И все-таки это было не главное: как бы проба в неврастеническо-драматическом роде. А талант оказался с огромным склонением к комедийному. Хлестаков в «Ревизоре» — вот что совершенно покорило Москву. Ни на одного прежнего Хлестакова никак не было это похоже. Такой милый, смешной, просто обаятельный Хлестаков… — он кого угодно может обморочить, вовсе не надо быть Сквозниками-Дмухановскими, чтобы подпасть под его «прелесть».
Станиславский не зря сидел на премьере: это был «совсем не Станиславский» — по темпераменту, юношеской живости, легкости и даже некоему свету(да, Хлестаков, как это ни странно — вносил свет на сцену!) — но Станиславский мог и радоваться, глядя на племянника Антона Чехова. Закваска-то его, Станиславская. В его духе найдены жесты, продуманы и передуманы, выброшены все «штампы», даны движения, интонации… (От своего времени, пожалуй, Чехов внес ритм и тонкую акробатику: это уже не мир Станиславского).
С <19>22 года я не видел Чехова. Знаю, что играл он в Москве Гамлета — с успехом чрезвычайным.
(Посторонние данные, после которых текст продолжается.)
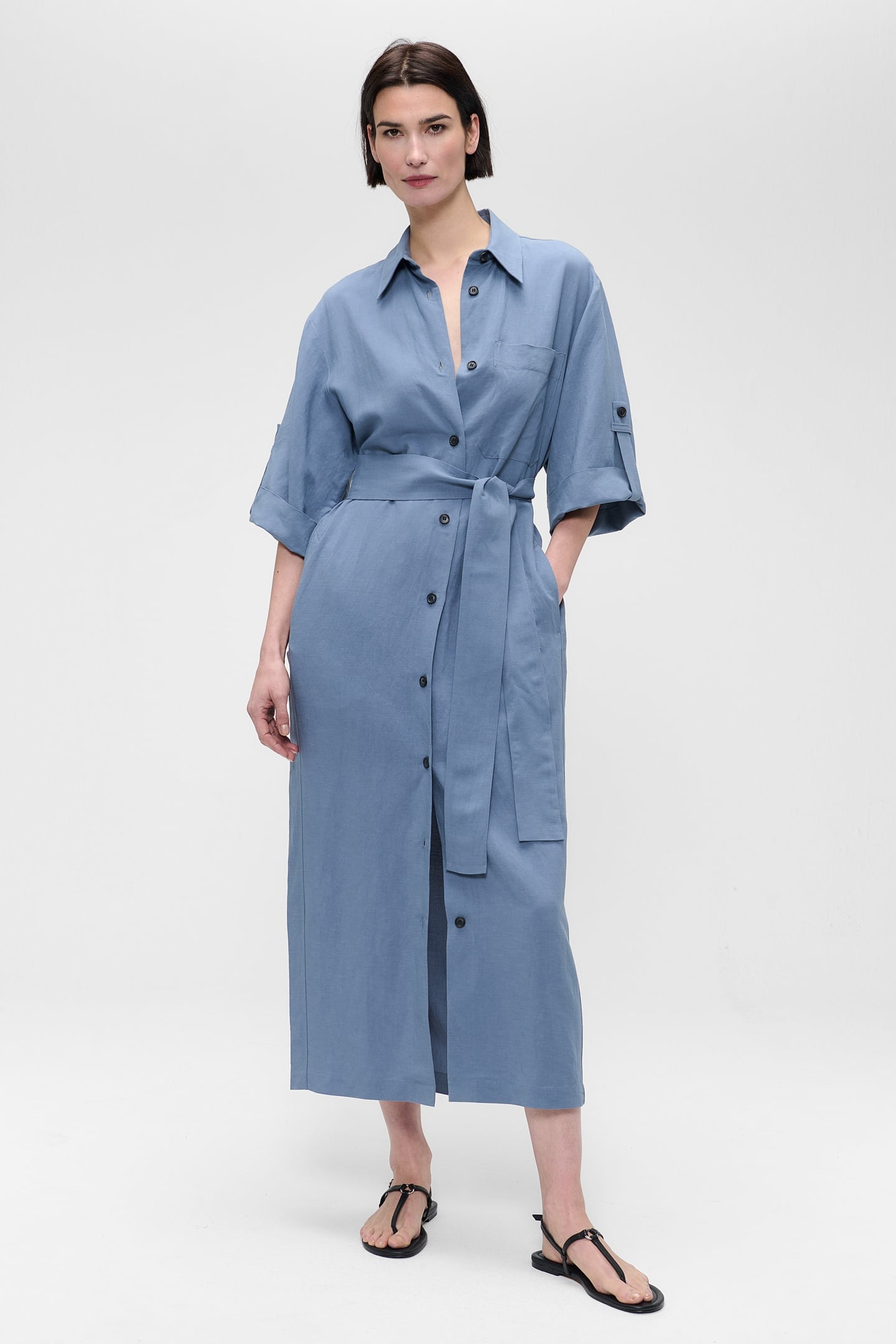 FINE LINEN VISC SHIRT DRESS EVEREST BLUE 1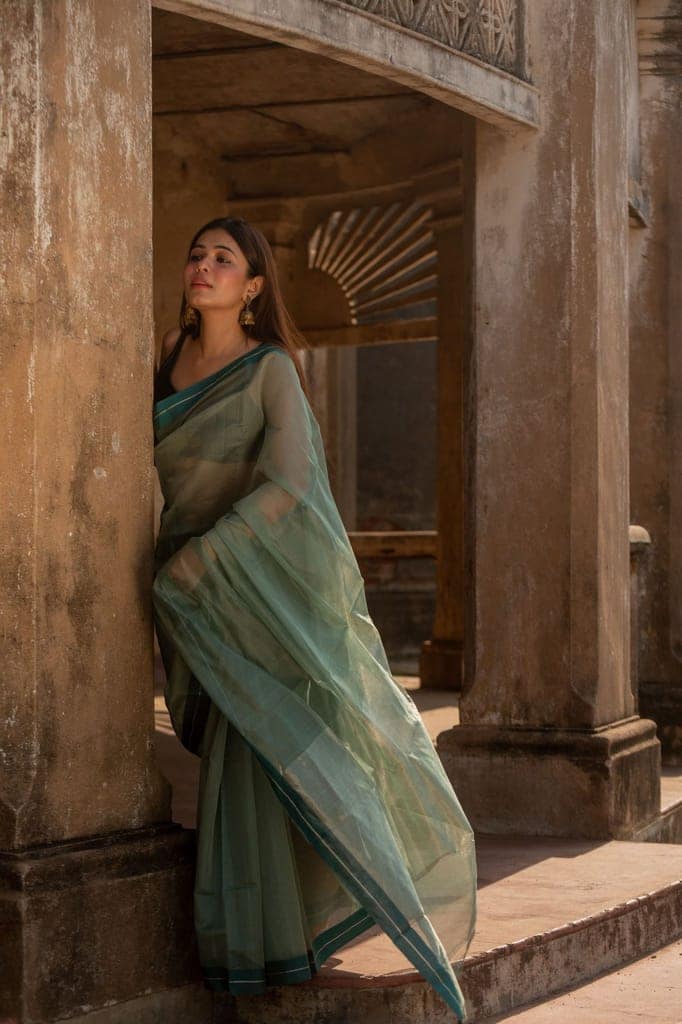 Utsav silk cotton saree - Pista view 4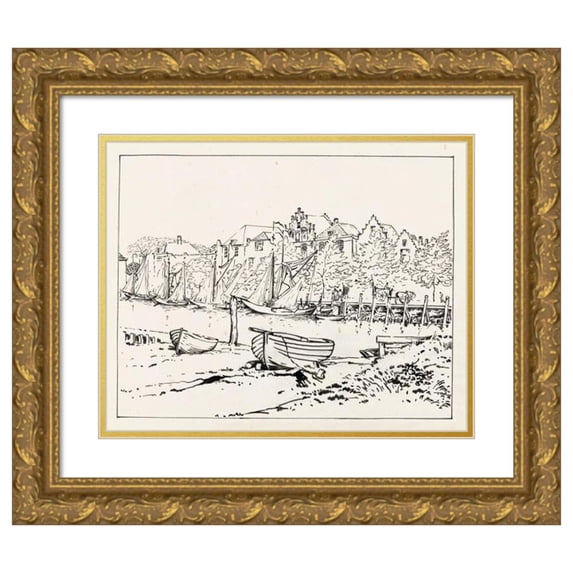 Johannes Frederik Engelbert ten Klooster 24x20 Gold Ornate Framed and Double Matted Museum Art Print Titled - The Harbor in Veere (1883)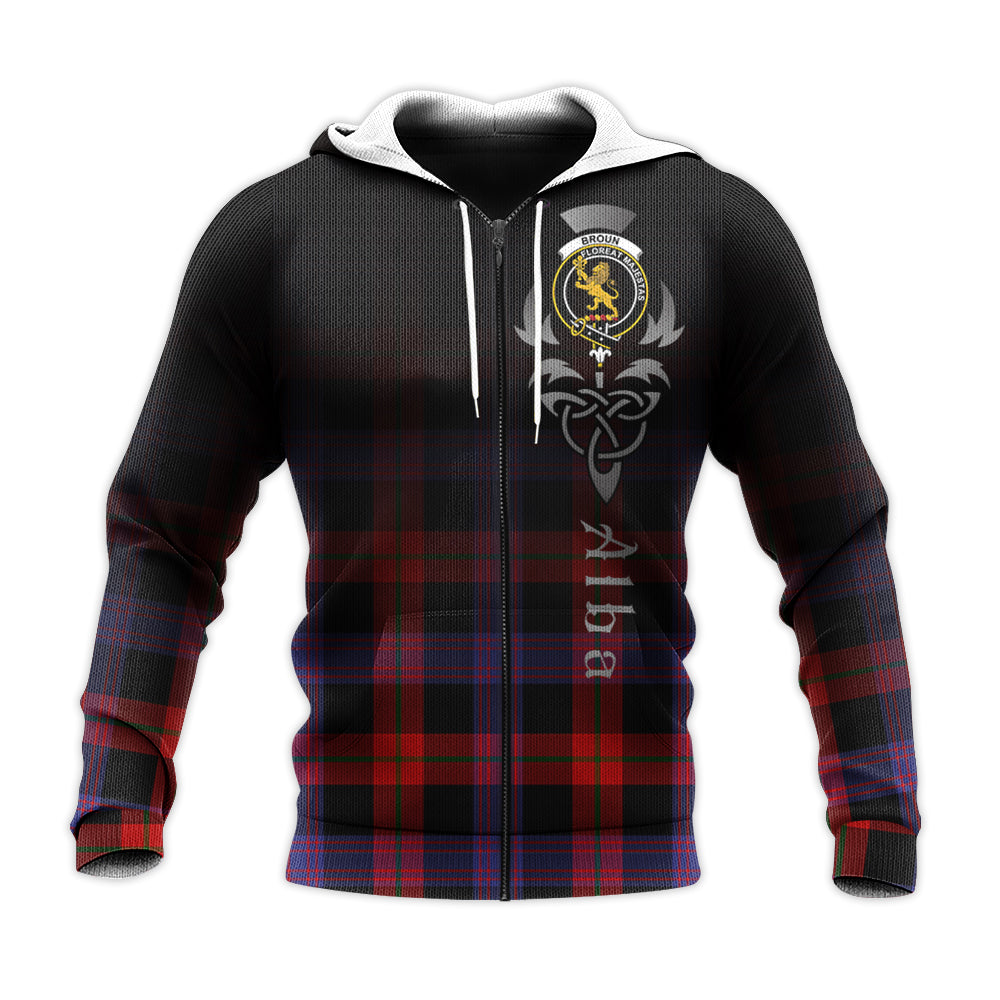 Printivon Broun Modern Tartan Crest Alba Celtic Hoodie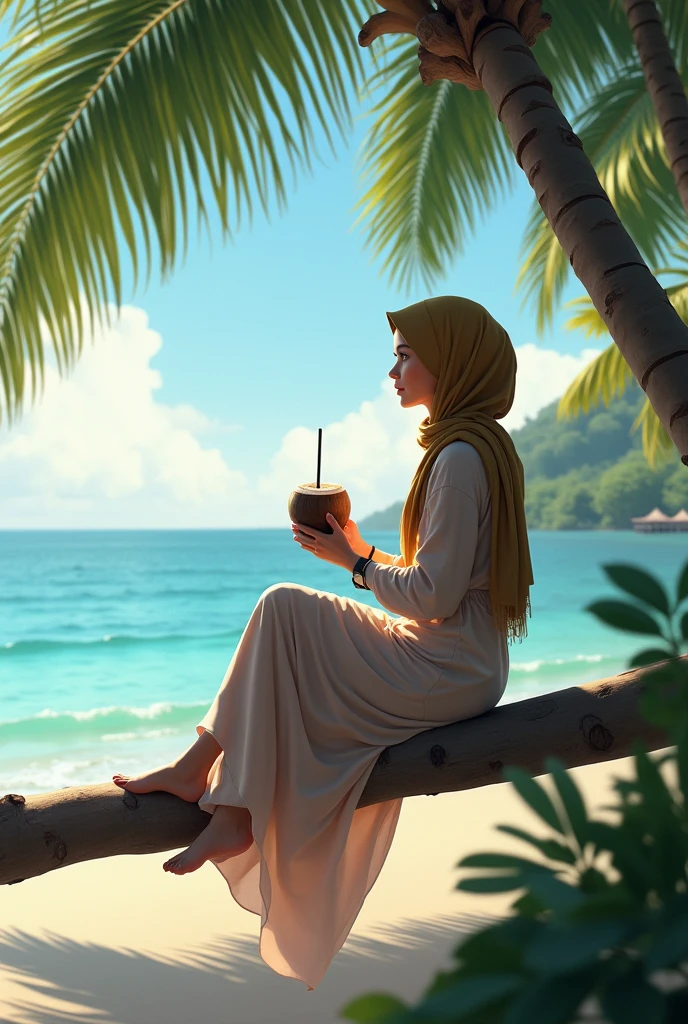 Hijab girl on beach sitting on the tree branch coconuts juice in her hand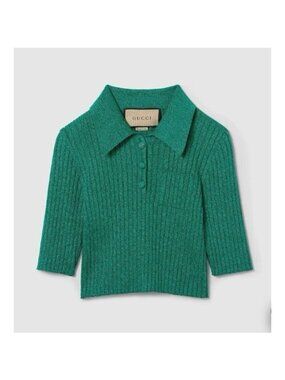 NWT Gucci- Emerald Rib Lamé Cropped Polo Shirt SZ L Green 100% Authentic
А потом его жизнь так сложилась, что пришлось родину покинуть, проделать обычный путь странников российских: задержавшись сколько следует в Берлине, оказаться во Франции.
На первом парижском выступлении, в Мажестике, Чехов дал 2–3 «чеховские» миниатюры и сцену из «Гамлета». Кроме того, сказал несколько слов о своем пути и создаваемом театре {159} .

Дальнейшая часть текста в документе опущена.